● Supplied material:
BEGIN
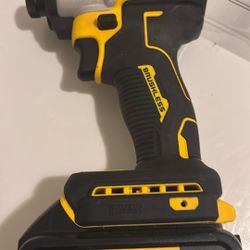 DE WALT 20V IMPACTO XR BRUSHLESS 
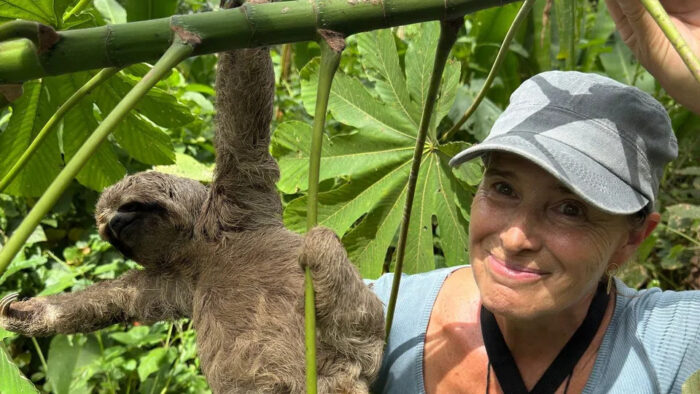 Michèle Rusconi und eine Faultier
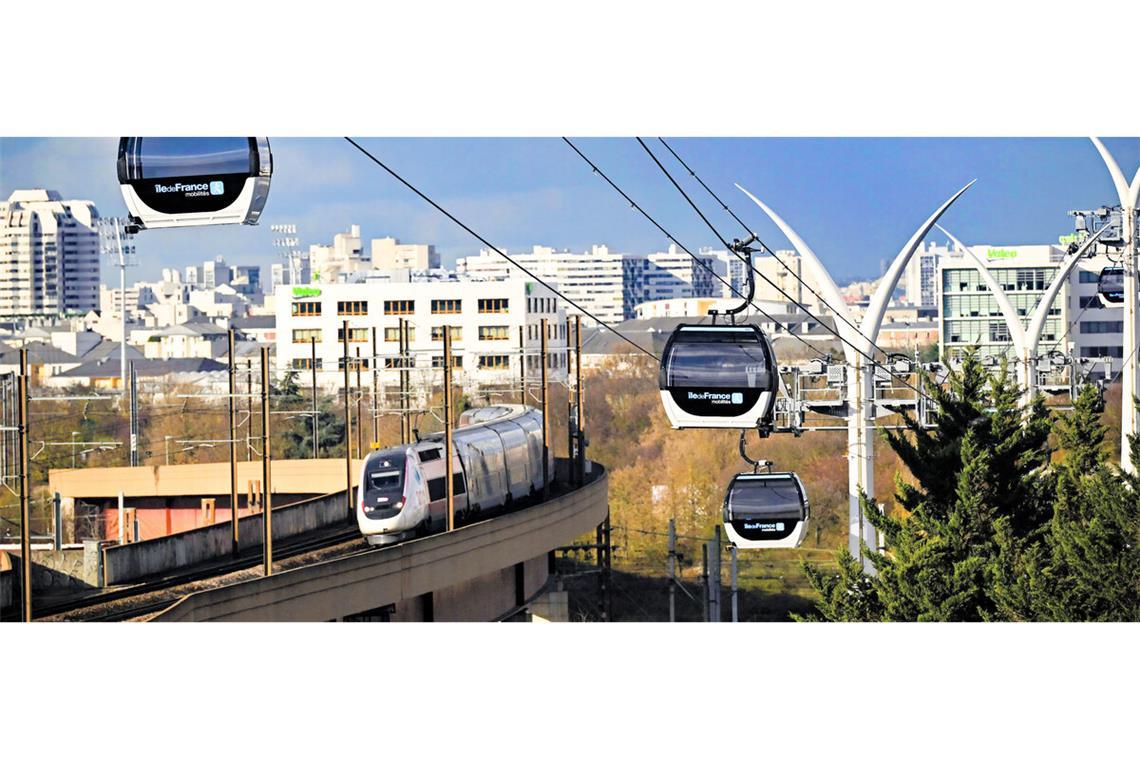 Im Großraum Paris ist seit Dezember 2025 eine Seilbahn als Ergänzung des öffentlichen Nahverkehrs im Einsatz.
END
Reproduce the data above word for word and omit the images.

 DE WALT 20V IMPACTO XR BRUSHLESS 
 Michèle Rusconi und eine Faultier
 Im Großraum Paris ist seit Dezember 2025 eine Seilbahn als Ergänzung des öffentlichen Nahverkehrs im Einsatz.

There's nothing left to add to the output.